"Sri Sultan HB IX itu adalah pribadi yang sederhana, demokratis, berkarisma, dan tanggap terhadap rakyatnya," kata Romo Tirun, salah satu pejabat di Keraton Yogyakarta saat mengenang kembali sosok HB IX, di Yogyakarta, beberapa hari lalu.
Sri Sultan Hamengkubuwono IX adalah salah satu pahlawan nasional berpengaruh Yogyakarta dan kemerdekaan Indonesia. Beliau putra dari Sri Sultan Hamengkubuwana VIII dan Raden Ajeng Kustilah. Lahir pada 12 April 1912 di Sompilan Ngasem, Yogyakarta dan dari kecil dikenal dengan Gusti Raden Mas Dorodjatun.
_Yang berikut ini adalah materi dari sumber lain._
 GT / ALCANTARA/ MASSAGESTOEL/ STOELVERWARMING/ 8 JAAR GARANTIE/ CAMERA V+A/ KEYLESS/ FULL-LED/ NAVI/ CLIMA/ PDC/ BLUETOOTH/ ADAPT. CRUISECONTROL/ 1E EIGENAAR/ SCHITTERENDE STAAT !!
Romo Tirun menceritakan, sejak kecil HB IX harus keluar Keraton untuk menempuh pendidikan dengan Belanda. Kehidupan dengan Belanda membentuk pribadinya yang mandiri dan cerdas terhadap pengetahuan budaya barat. Hal yang menarik, lanjut Romo Tirun, adalah saat beliau dinobatkan menjadi Sultan Keraton Yogyakarta pada tanggal 8 Maret 1940 dengan gelar "Sampeyan Dalem Ingkang Sinuhun Kanjeng Sultan Hamengkubuwana Senapati-ing-Ngalaga Abdurrahman Sayidin Panatagama Khalifatullah ingkang Jumeneng Kaping Sanga".
"Dalam pidatonya, Sultan mengatakan bahwa ia akan mempertemukan jiwa Barat dan Timur agar dapat bekerja dalam suasana harmonis. Kata Sultan, meski ia telah mengenyam pendidikan barat, ia tetap orang Jawa," kata Romo Tirun.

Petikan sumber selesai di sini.